WHAT IS EXPECTED: The line with "Zdjęcie w galerii", the line with "2016 Toyota Tundra SR5 CrewMax", and all lines between them in the material below: return these exactly, and no others.

PROVIDED INFORMATION:
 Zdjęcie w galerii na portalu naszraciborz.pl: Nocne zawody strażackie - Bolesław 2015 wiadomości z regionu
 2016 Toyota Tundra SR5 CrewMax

...

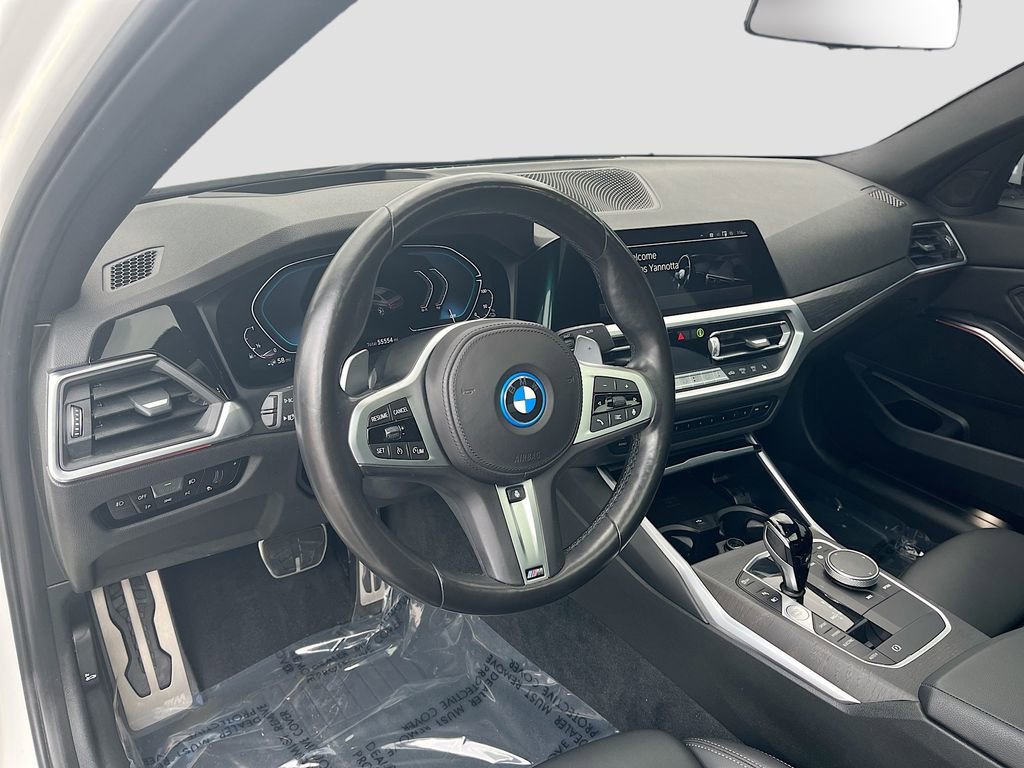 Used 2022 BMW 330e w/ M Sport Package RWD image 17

EXERCISE SOLUTION:
 Zdjęcie w galerii na portalu naszraciborz.pl: Nocne zawody strażackie - Bolesław 2015 wiadomości z regionu
 2016 Toyota Tundra SR5 CrewMax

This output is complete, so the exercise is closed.